At the end of the meeting, the Pope said:
I thank you for your welcome and all your testimonies. I ask you to pray for me. I ask you to pray for the youth. Today is the first day of spring, the day of hope, the day of the young. Perhaps every spring the path of youth starts again, it blooms yet again. I repeat to the young people: do not lose the hope of always moving forward. To the elderly: carry forward the wisdom of life, the elderly are like a good wine when it ages. Good wine is a good thing, it is helpful for the young and the elderly. Young and old together: young people have strength, the elderly have memory and wisdom. A people that does not take care of the youth — that leaves them without work, unemployed, and that does not care for the elderly — does not have a future.
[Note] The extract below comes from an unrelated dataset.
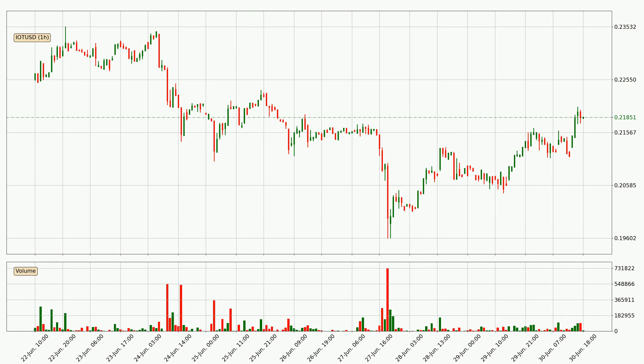Looking at the hourly time frame for IOTA, the price moved up around 3.3% in the last 24 hours, with a current price of 21.9 cents. The volume wasn't very high, so the move wasn't very strong.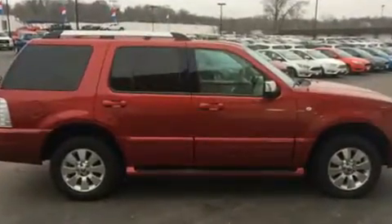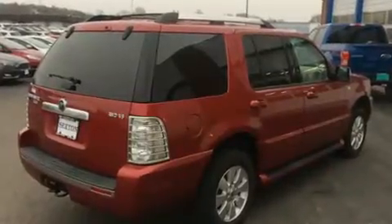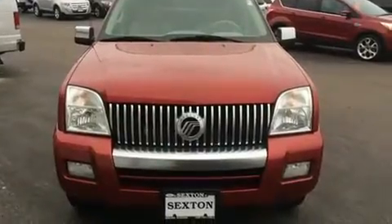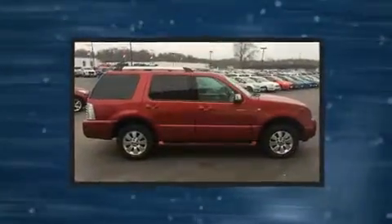A wealth of standard features mean that you no longer have to sacrifice. Like heated seats, delay off headlights, a tachometer, power front seats, a built-in garage door transmitter, an automatic dimming rear-view mirror, heated door mirrors, and seat memory.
If we want our people to have a future, we must take care of young people by seeking employment for them, looking for ways for them to exit this crisis, giving them the value of education; and we must care for the elderly who carry with them the wisdom of life. Now let us pray to Our Lady and to St Joseph that they may protect young people, the elderly and families: [Hail Mary.…] Now, I bid farewell to Naples and return to Rome! I wish you the best and ‘ca Maronna v’accumpagne!